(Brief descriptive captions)
-- Opening Marker --
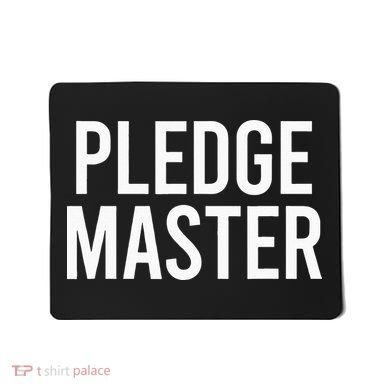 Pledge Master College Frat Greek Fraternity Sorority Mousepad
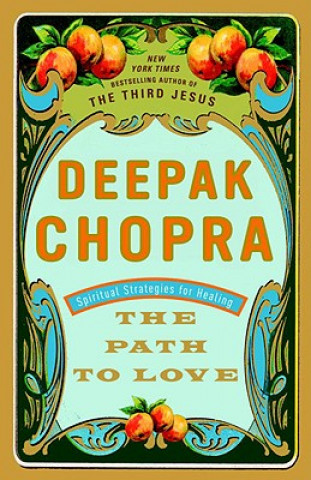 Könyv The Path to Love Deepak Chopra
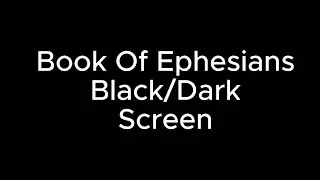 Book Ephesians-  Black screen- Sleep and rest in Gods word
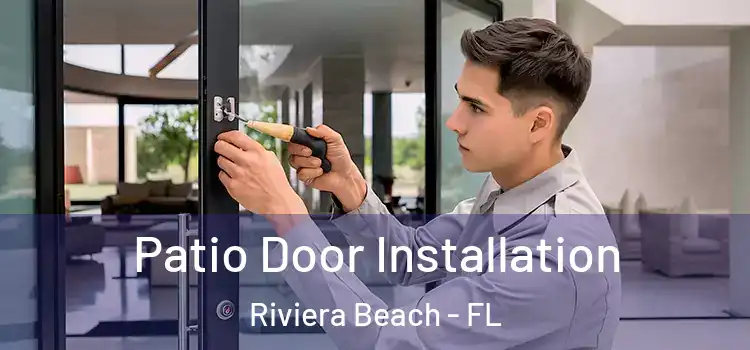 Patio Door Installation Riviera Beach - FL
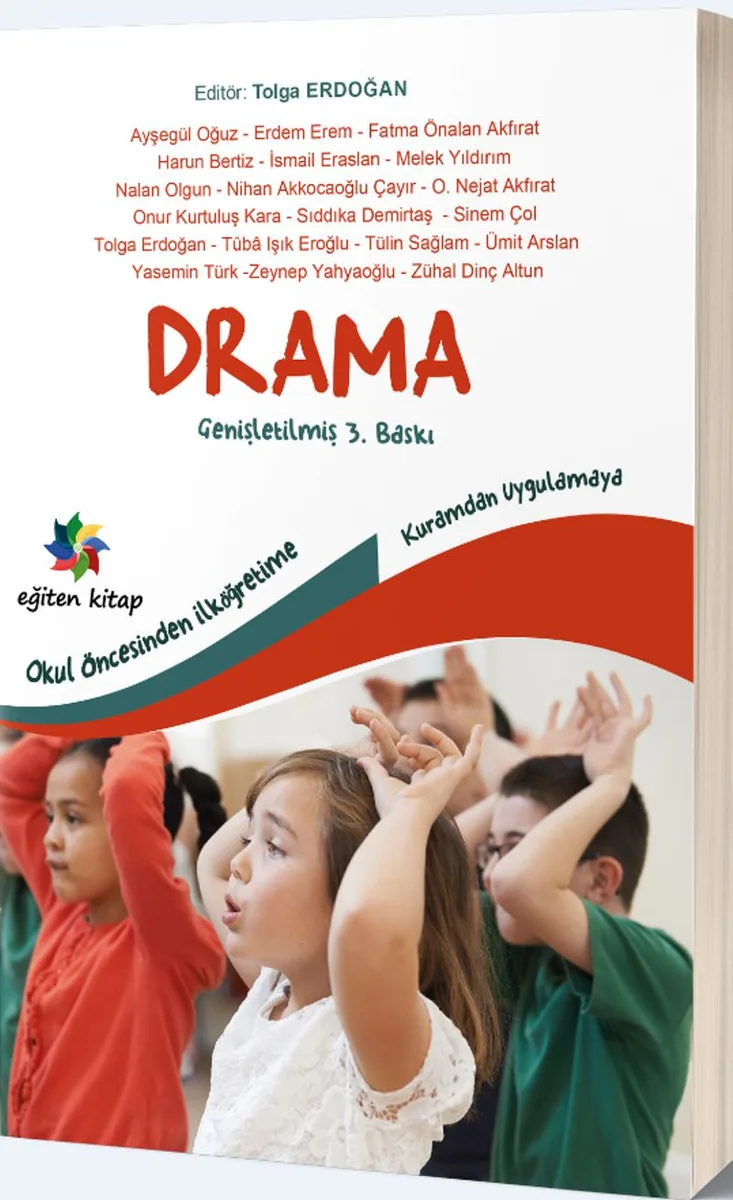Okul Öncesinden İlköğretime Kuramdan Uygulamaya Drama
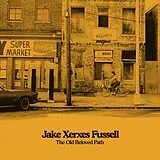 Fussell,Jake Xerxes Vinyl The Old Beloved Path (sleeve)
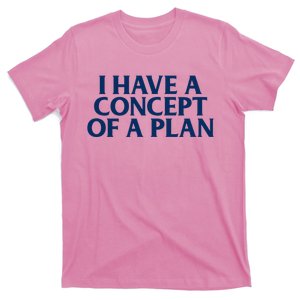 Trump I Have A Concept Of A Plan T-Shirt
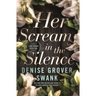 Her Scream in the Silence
-- Closing Marker --
With the images excluded, output every record verbatim.

 Pledge Master College Frat Greek Fraternity Sorority Mousepad
 Könyv The Path to Love Deepak Chopra
 Book Ephesians-  Black screen- Sleep and rest in Gods word
 Patio Door Installation Riviera Beach - FL
Okul Öncesinden İlköğretime Kuramdan Uygulamaya Drama
 Fussell,Jake Xerxes Vinyl The Old Beloved Path (sleeve)
 Trump I Have A Concept Of A Plan T-Shirt
 Her Scream in the Silence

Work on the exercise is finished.